Records:
⁂

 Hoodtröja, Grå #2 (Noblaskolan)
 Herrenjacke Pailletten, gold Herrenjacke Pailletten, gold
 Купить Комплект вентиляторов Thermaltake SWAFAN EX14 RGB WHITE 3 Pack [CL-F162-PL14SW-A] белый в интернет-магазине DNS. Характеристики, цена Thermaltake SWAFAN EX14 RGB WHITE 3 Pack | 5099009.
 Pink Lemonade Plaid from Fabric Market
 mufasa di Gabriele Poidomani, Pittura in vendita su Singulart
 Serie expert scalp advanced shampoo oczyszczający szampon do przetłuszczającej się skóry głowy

⁂

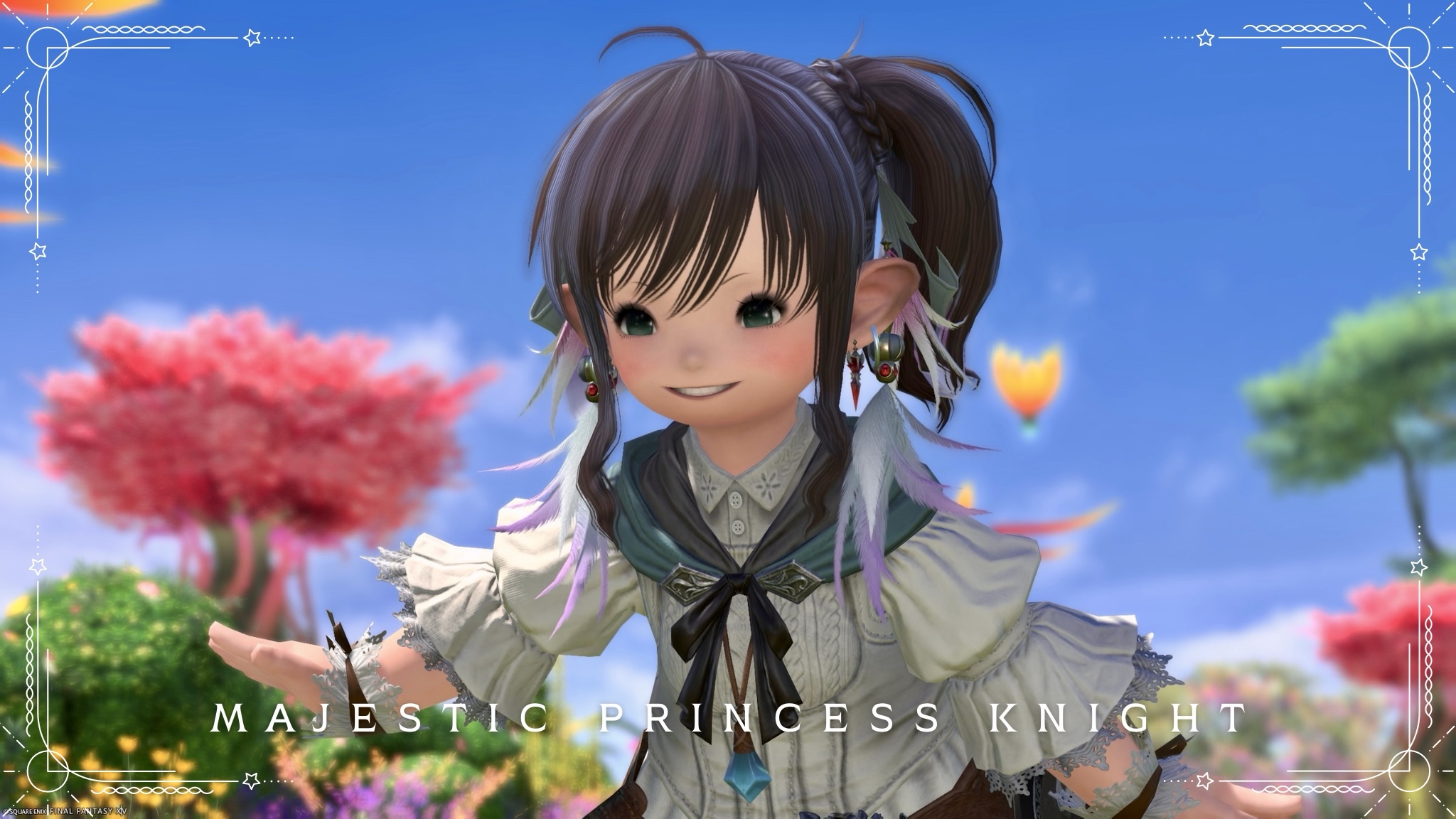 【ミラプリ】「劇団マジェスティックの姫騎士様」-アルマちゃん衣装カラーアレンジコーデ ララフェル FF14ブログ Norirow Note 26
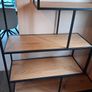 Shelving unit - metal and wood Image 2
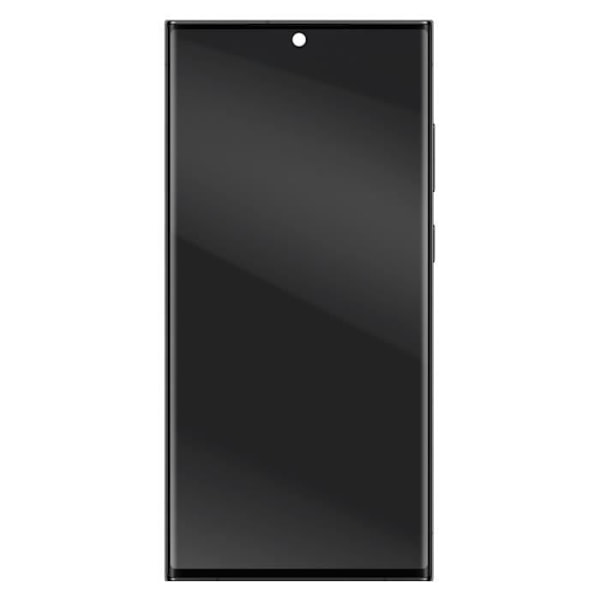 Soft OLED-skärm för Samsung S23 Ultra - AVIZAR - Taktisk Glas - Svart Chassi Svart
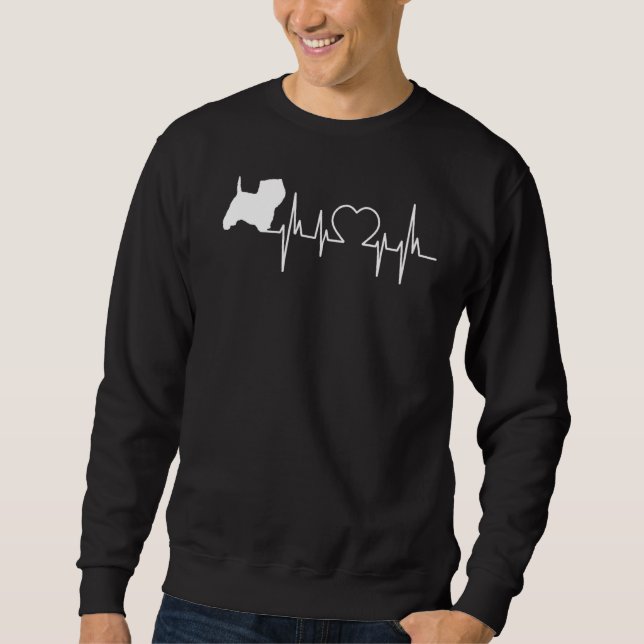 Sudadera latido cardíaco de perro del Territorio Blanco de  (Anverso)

⁂

What is expected: All lines in the listing above from the line containing "Pink Lemonade Plaid from Fabric Market" to the line containing "Serie expert scalp", inclusive, should be retyped exactly; no other lines should appear.

Solution to this problem:
 Pink Lemonade Plaid from Fabric Market
 mufasa di Gabriele Poidomani, Pittura in vendita su Singulart
 Serie expert scalp advanced shampoo oczyszczający szampon do przetłuszczającej się skóry głowy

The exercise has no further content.